Following a bench trial, Johnny Pate Connell was convicted of possession of cocaine and possession of an open container of alcohol in a motor vehicle. On appeal, he contends that the trial court erred in denying his motion to suppress a statement that he made to police at a traffic stop. We discern no error and affirm.

Where, as here, the evidence at a hearing on a motion to suppress is uncontroverted and no question of credibility is presented, we review the trial court’s application of the law to undisputed facts de novo. Vansant v. State, 264 Ga. 319, 320 (1) (443 SE2d 474) (1994). This Court’s responsibility in reviewing the trial court’s decision on the motion to suppress is to ensure that there was a substantial basis for the trial court’s decision. State v. McFarland, 201 Ga. App. 495 (411 SE2d 314) (1991).

The record reveals that a Mitchell County police officer received information from a confidential informant that Connell would be traveling south on Gravel Hill Road in a bluish green sedan with marijuana and crack cocaine in his possession. The informant also told the officer that Connell would turn onto Moore Hill Road. The officer drove to the intersection of Gravel Hill and Moore Hill, where he saw Connell, in a bluish green sedan, turn onto Moore Hill from Gravel Hill. The officer also saw Connell take a drink from a 40-ounce beer as Connell drove past him.

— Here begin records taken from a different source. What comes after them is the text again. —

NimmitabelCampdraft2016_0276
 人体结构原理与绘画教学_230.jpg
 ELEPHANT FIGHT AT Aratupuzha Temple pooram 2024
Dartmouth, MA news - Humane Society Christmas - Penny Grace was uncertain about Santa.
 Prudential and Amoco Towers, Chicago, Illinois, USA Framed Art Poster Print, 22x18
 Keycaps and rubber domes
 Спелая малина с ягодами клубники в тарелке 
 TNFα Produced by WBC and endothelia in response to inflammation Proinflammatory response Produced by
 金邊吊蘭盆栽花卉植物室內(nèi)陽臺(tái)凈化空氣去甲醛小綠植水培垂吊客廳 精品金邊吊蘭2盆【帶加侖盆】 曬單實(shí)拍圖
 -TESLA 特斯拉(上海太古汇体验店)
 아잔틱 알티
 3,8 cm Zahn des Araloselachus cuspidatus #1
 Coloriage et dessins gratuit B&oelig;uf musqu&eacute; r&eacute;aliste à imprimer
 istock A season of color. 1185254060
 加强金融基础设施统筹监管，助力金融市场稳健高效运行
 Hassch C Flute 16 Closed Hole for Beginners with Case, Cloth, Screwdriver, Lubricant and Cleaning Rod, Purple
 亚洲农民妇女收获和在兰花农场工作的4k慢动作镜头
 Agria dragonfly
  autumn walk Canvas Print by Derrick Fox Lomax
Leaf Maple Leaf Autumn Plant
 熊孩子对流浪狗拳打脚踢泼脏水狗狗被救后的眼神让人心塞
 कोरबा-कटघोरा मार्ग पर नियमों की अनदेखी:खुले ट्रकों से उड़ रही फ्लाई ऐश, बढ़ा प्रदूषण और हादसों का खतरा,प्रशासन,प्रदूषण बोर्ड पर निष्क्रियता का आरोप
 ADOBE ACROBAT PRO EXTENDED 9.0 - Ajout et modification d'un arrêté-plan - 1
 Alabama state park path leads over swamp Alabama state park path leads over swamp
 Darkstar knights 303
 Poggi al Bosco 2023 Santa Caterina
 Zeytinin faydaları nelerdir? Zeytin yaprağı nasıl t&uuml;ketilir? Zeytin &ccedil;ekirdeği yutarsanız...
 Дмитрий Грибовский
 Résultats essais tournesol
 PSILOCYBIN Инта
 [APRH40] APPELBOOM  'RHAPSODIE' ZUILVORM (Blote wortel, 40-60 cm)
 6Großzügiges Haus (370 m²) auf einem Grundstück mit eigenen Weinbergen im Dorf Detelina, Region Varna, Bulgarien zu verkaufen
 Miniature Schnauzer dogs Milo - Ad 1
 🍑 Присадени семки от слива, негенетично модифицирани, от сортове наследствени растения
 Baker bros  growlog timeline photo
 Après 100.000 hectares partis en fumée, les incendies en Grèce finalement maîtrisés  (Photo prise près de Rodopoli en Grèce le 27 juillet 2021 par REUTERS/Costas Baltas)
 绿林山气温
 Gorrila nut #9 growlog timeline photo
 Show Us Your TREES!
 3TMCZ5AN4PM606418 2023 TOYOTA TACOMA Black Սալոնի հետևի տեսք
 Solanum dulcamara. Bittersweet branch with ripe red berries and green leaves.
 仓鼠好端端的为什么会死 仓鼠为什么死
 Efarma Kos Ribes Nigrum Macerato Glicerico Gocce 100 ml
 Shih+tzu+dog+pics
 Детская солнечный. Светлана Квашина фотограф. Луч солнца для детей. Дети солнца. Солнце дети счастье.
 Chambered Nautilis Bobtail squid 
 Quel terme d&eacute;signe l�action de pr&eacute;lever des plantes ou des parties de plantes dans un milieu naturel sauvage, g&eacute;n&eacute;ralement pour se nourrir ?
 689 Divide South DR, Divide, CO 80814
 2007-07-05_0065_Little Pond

The officer pursued Connell and pulled him over. He asked Connell to step out of the vehicle, and informed Connell that he had seen him drinking beer in the car. The officer further informed Connell about the information that he had received from the confidential informant, and asked Connell if there were any drugs in the car. Connell said that there were not. Upon searching the vehicle, however, the officer found drug paraphernalia used for smoking marijuana and found a piece of crack cocaine. The officer stated to Connell, “I guess this is not yours,” but Connell replied that it was. Connell apparently concedes that this search was consensual, as he does not challenge the search on appeal.

Connell argues that the trial court should have suppressed the statement that he made to police indicating that the crack in the car was his, because the police officer questioned him without first giving him a Miranda warning. We disagree. (Citations and punctuation omitted.) McConville v. State, 228 Ga. App. 463, 465 (1) (491 SE2d 900) (1997).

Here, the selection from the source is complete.